Würde es sich bei Analog Factory um eine Audio-CD handeln, träfe das Prädikat „Best of“ exakt. Denn ausgehend von den bekannten virtuellen Analog-Synthesizern der französischen Software-Schmiede Arturia ist nun eine Synthesizer-Workstation entstanden, die 2.000 analoge Klänge emuliert. Sie basiert auf den Produkten ARP 2600 V, Minimoog V, Moog Modular V, CS-80 V sowie Prophet V mit den beiden Nachbildungen des Sequential Circuits Prophet 5 und VS. Analog Factory ist jedoch kein schlichter Sample-Player sondern ein eigenständiges virtuelles Instrument. Wie bei den zuvor genannten Produkten kommt dabei auch die von Arturia entwickelte TAE-Technologie zum Einsatz, die als quasi eigene Software-Engine die Bausteine analoger Klangerzeuger emuliert. Über 20 Musiker und Sound-Designer – als prominenteste Vertreter seien Klaus Schulze und Geoff Downes (The Buggles, Yes, Asia) genannt – zeichnen für die Programmierung der einzelnen Presets verantwortlich. Werksklänge der Original-Synthesizer sind allerdings nicht enthalten. Wie die zuvor genannten Einzelprodukte ist auch die Analog Factory für knapp 200 Euro erhältlich.

Es liegt in der Natur einer Synthesizer-Workstation, dass die Möglichkeiten zur Veränderung der Klänge im Vergleich zu einem reinrassigen Klangerzeuger eingeschränkt sind.

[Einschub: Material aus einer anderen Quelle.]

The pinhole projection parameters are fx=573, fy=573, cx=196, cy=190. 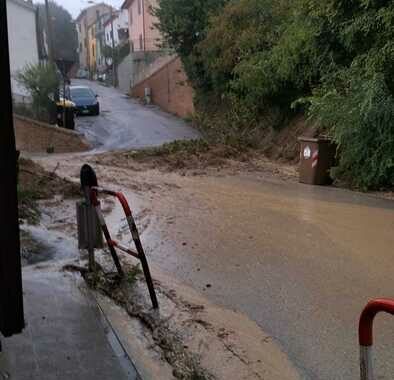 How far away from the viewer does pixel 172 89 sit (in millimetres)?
34938

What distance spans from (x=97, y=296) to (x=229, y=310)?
1308 mm

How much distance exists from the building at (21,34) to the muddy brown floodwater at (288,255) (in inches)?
852

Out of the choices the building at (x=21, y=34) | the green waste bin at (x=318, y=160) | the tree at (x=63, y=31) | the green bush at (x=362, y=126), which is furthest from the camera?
the tree at (x=63, y=31)

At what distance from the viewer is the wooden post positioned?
3.18m

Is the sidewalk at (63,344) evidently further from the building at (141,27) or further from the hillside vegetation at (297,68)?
the building at (141,27)

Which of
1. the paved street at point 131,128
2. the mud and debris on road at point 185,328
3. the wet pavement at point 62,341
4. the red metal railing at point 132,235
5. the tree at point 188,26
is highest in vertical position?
the tree at point 188,26

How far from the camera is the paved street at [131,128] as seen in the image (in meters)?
23.1

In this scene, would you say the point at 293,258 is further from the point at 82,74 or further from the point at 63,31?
the point at 82,74

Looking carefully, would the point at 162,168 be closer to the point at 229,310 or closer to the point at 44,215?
the point at 44,215

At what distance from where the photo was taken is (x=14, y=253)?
343cm

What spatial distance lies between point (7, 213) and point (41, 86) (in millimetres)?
24160

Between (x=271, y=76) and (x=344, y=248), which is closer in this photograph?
(x=344, y=248)

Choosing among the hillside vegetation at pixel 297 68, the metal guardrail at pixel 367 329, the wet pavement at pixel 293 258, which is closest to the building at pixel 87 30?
the hillside vegetation at pixel 297 68

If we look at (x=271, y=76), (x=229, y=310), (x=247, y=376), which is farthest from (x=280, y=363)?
(x=271, y=76) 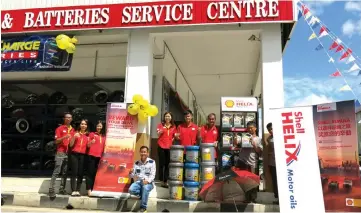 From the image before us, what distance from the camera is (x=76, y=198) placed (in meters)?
6.44

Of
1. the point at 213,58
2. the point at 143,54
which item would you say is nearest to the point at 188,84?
the point at 213,58

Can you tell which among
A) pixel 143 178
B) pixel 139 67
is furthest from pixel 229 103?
pixel 143 178

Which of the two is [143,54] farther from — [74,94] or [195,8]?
[74,94]

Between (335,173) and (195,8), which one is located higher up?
(195,8)

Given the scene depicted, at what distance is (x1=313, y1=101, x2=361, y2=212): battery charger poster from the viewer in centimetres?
528

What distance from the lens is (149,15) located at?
750cm

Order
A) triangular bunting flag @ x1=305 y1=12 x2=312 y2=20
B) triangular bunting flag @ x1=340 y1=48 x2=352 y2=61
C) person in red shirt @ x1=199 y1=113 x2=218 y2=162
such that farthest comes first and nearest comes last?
triangular bunting flag @ x1=340 y1=48 x2=352 y2=61, triangular bunting flag @ x1=305 y1=12 x2=312 y2=20, person in red shirt @ x1=199 y1=113 x2=218 y2=162

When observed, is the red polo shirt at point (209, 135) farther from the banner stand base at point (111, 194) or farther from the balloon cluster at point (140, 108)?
the banner stand base at point (111, 194)

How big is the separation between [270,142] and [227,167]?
90 cm

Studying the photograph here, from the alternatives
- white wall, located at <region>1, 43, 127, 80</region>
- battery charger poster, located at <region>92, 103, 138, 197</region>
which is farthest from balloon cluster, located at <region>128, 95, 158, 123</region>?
white wall, located at <region>1, 43, 127, 80</region>

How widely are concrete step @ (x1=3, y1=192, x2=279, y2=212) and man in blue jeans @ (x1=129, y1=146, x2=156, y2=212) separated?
30 centimetres

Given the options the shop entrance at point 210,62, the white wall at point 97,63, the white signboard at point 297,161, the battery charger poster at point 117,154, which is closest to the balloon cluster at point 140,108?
the battery charger poster at point 117,154

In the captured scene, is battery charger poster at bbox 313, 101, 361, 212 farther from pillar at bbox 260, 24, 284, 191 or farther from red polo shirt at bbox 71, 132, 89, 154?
red polo shirt at bbox 71, 132, 89, 154

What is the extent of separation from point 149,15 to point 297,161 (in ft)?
14.7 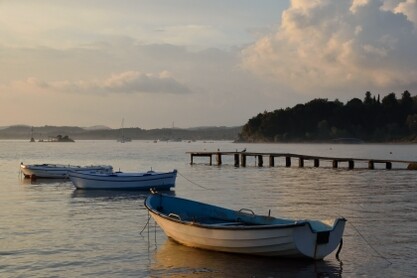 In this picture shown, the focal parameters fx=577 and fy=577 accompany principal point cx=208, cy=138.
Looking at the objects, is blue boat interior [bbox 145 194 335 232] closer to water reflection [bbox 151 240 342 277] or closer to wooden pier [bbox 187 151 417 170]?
water reflection [bbox 151 240 342 277]

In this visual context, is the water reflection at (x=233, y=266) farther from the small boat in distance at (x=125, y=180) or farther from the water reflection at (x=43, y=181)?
the water reflection at (x=43, y=181)

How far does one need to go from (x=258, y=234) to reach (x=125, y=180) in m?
24.8

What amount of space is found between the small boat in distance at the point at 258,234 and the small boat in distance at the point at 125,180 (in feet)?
66.8

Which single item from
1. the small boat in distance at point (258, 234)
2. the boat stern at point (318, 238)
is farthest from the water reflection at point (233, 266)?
the boat stern at point (318, 238)

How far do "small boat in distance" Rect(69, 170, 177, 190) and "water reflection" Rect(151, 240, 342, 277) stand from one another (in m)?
22.2

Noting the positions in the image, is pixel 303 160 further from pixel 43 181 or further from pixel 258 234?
pixel 258 234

Der Hauptaspekt liegt im Abspielen der Presets. Das gilt auch für die Analog Factory, und so fallen die Eingriffsmöglichkeiten im Vergleich zu den erwähnten Einzelprodukten mit insgesamt lediglich 14 Reglern eher spartanisch aus. Dennoch lassen sich damit die Presets teils drastisch verändern und gewährleisten eine für diese Art von Klängen erwünschte Lebendigkeit. Standards wie das Einstellen von Filter-Eckfrequenz und -Resonanz sind  dabei nur die Spitze des Eisbergs.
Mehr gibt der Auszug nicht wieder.